At 20 years of age, Kane is already entering his third season in the NHL. While he may not have broken into the league at such a young age on a stronger club, it still speaks to the supreme talent and physical maturity that Kane displayed as an 18 year old. His calling cards are simple yet classic: big and fast, with sweet hands and a hard shot. He can dangle, he can take the puck hard to the net, and he plays with an edge. Evander Kane has game breaking talent; he is the forward around whom our offence should be built.

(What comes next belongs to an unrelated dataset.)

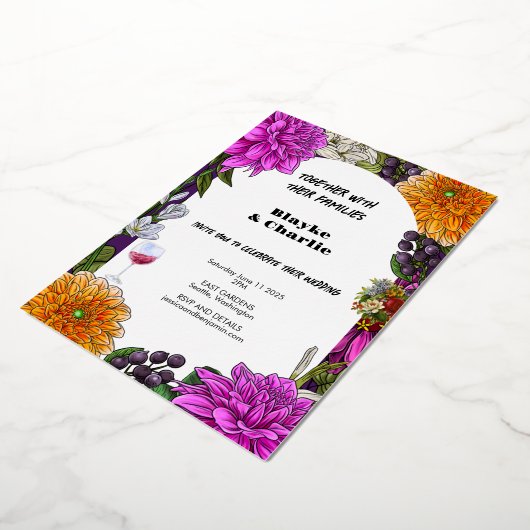 ピンク&オレンジウォーターフローラ結婚式招待状 箔招待状 (回転した状態)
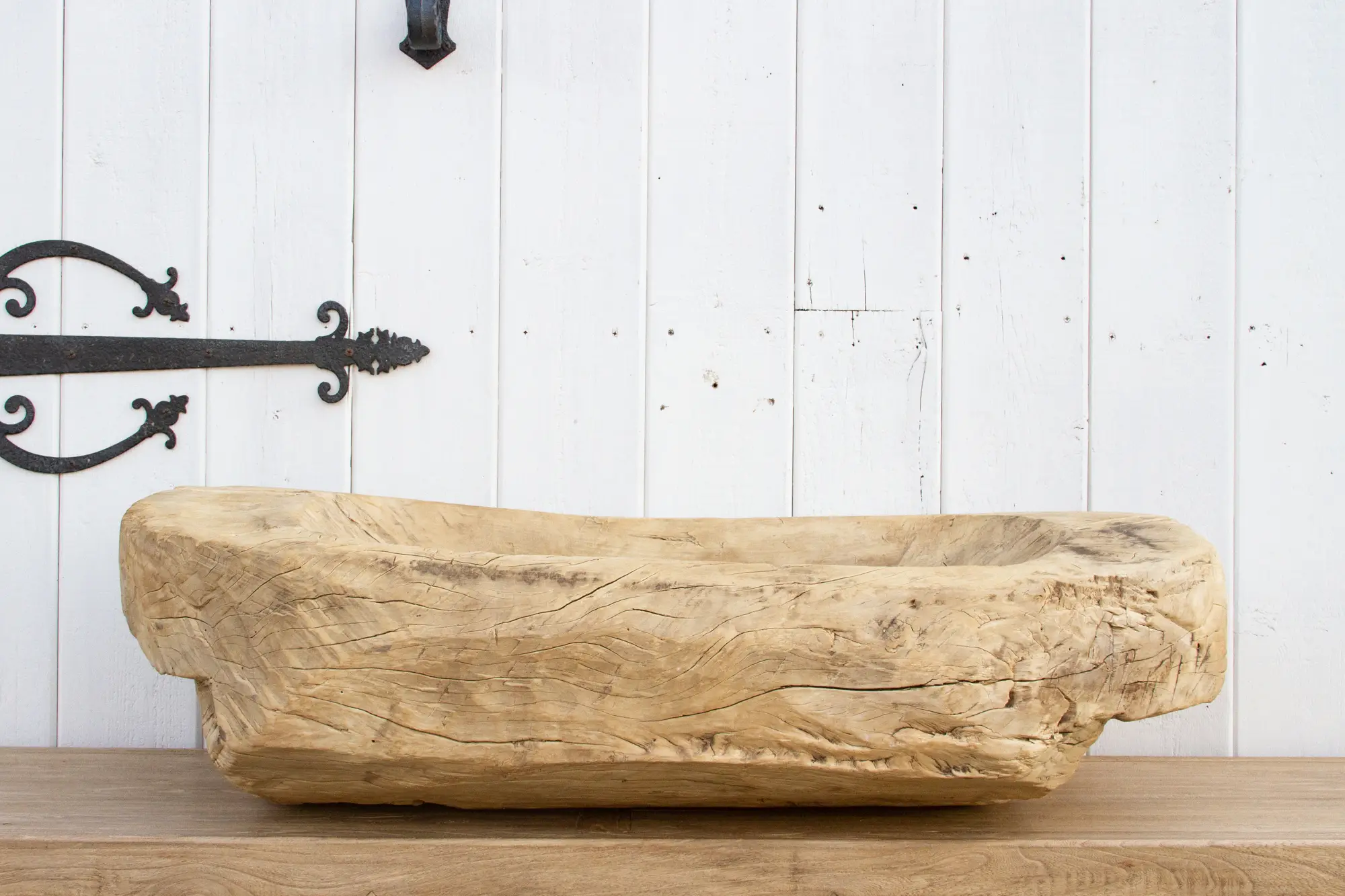 Antique Bleached Wood Trough Planter 9 Antique Bleached Wood Trough Planter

In just his second (and final) year of junior hockey, Kane scored 48 goals and 96 points in just 61 games, finishing as a WHL First Team All-Star. He played for Canada at the World Junior Championships at age *17 – a rare feat considering the tournament is made up primarily of 19 year olds. On the strength of this fantastic year, he was chosen 4th overall in the 2009 NHL Entry Draft – immediately after highly touted prospects John Tavares, Victor Hedman and Matt Duchene. Kane’s junior hockey coach, Don Hay, wasn’t the least bit surprised to see him drafted that early. Hay, who also coached Jarome Iginla and Shane Doan when they were in junior hockey, said that Kane was actually a better player at that age than either Iginla or Doan. While he made no guarantees of Kane having similar NHL success, it says a lot about just how talented a player Kane is.
*The only 17 year olds to play for Canada at the WJC in the last decade are Jason Spezza, Jay Bouwmeester, Rick Nash, Sidney Crosby, Jonathan Toews, Sam Gagner, Steven Stamkos, John Tavares, and Ryan Ellis – most of whom are stars in the NHL today.

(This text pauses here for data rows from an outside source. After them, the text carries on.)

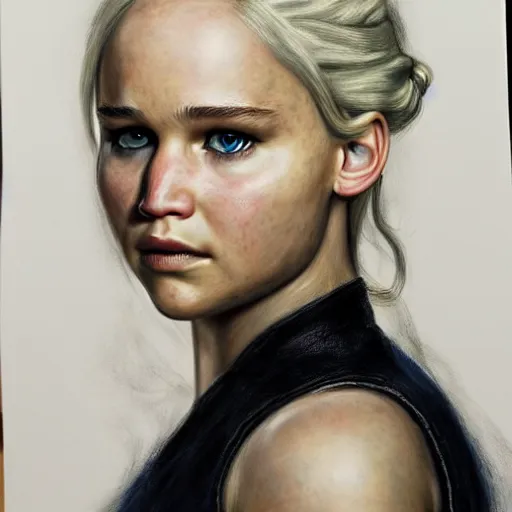 Image similar to portrait of the daughter of daenerys targaryen and jennifer lawrence as a young woman, hyperdetailed, hyperrealism.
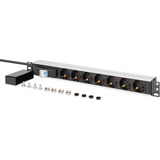 Digitus Regleta de enchufes 19" PDU con perfil de aluminio, 7 salidas negro/Aluminio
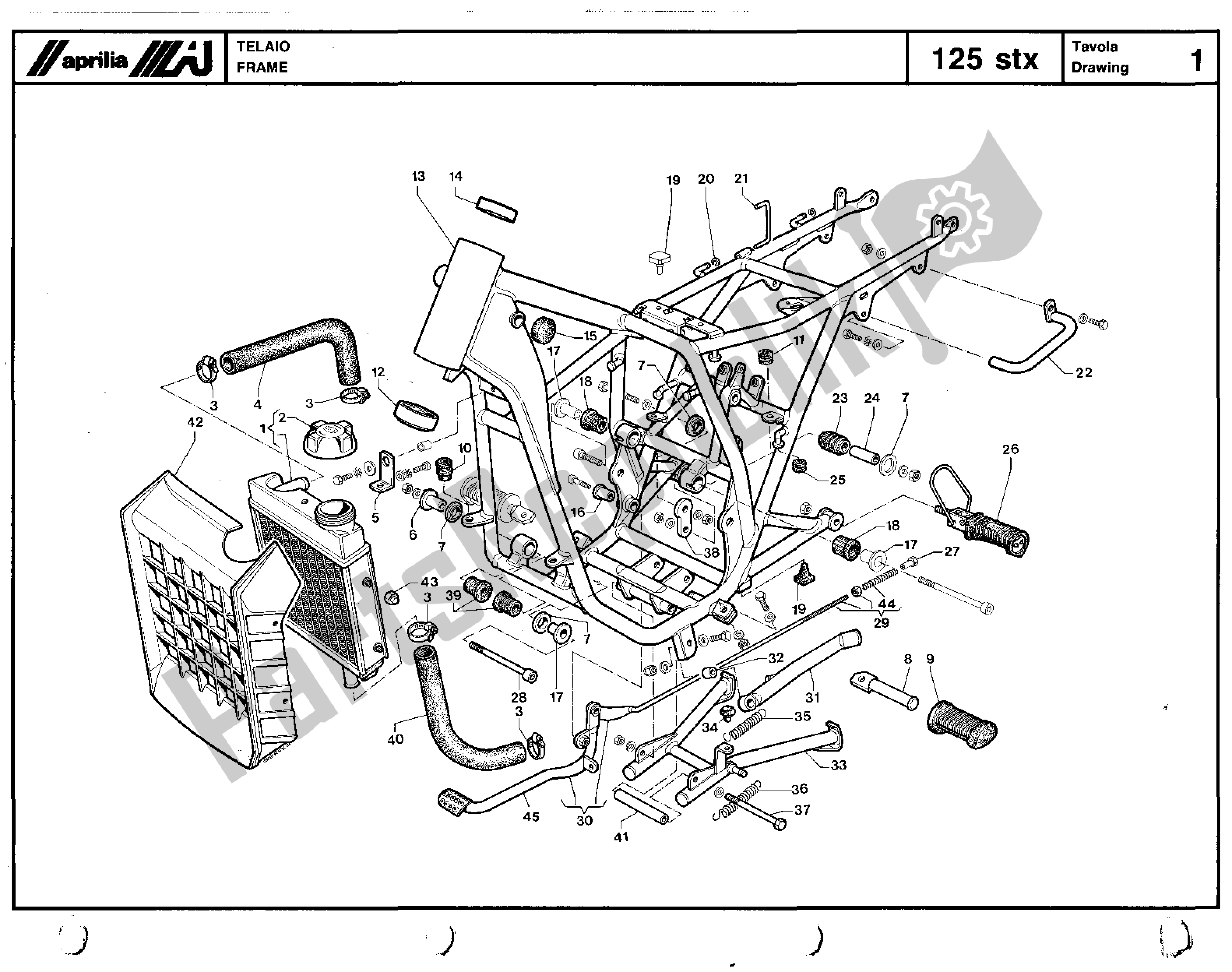 Todas as partes de Frame do Aprilia STX 125 1984 - 1986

Kane made his NHL debut in the fall of 2009. Like most rookies, he didn’t receive a lot of ice time, averaging less than 14 minutes per game, only 20 seconds of which came on the powerplay. He also sustained a foot injury in March of 2010 and missed 15 games. Despite all this, he managed to score 14 goals in just 66 games. After the NHL season finished, he was invited to play for Canada at the World Hockey along with elite players like Corey Perry and Steven Stamkos, and other young stars like John Tavares and Matt Duchene. In that star-studded line-up, he finished tied for 6th in scoring.
In just his second NHL season, Kane became an important offensive contributor. He scored 16 goals and 17 assists in his first 48 games, helping to put the Thrashers in playoff contention heading into February. However, as his team’s play declined, Kane’s production tailed off, scoring only 3 goals in his last 25 games. Nonetheless, it was a successful sophomore season, as he improved in almost every statistical category. His ice time increased to nearly 18 minutes per game; he led all Thrashers forwards in shots with 234, up from 127 the previous year; and he scored 19 goals and 43 points – good for 3rd among forwards. He was again invited to play for Canada at the IIHF World Hockey Championships; one of only a handful of Canadians to do so twice as a teenager.

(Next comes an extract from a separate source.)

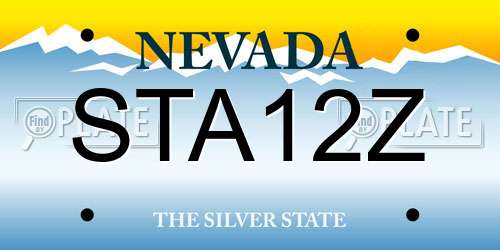STA12Z Nevada License Plate
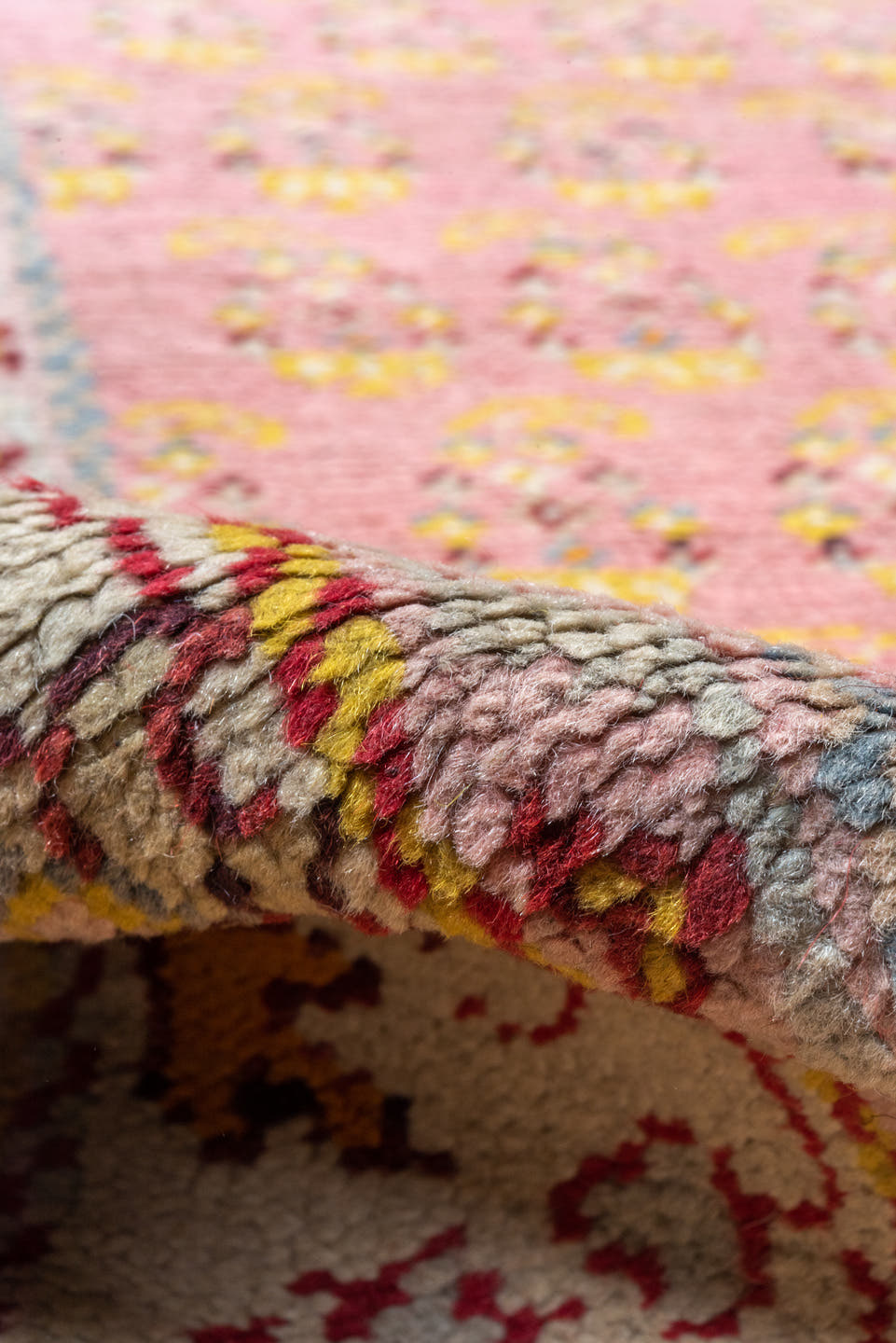 3' x 11' one-of-a-kind handmade antique Oushak runner rug. Color palette: ivory, blush, gold, rose, rust, taupe, pink, red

Based on his skill set, pedigree, and production thus far, Kane looks more than capable of being a first-line NHL winger. However, it’s important to temper expectations of a player that’s still so young, particularly when many of the key players around him are also years from their prime. While Kane may be the most talented forward on the team, it’s asking a lot of a 20 year old player to lead a team offensively at such a young age. It reminds me of a quote from Guy Carboneau a few years ago when he was still coaching the Habs. A reporter asked Carboneau if he thought rookie centre Mikhail Grabovski could help elevate the play of enigmatic Russian winger Alex Kovalev. Carboneau looked at the reporter in a dismissive fashion and said “it’s not Grabovski’s responsibility to improve Kovalev’s play. Alex Kovalev is an NHL veteran – that’s his job.” Kane has the skill to score 30, or even 40 goals, but that day is probably a few years down the road. For the time being, he should be looked upon as a great second line option.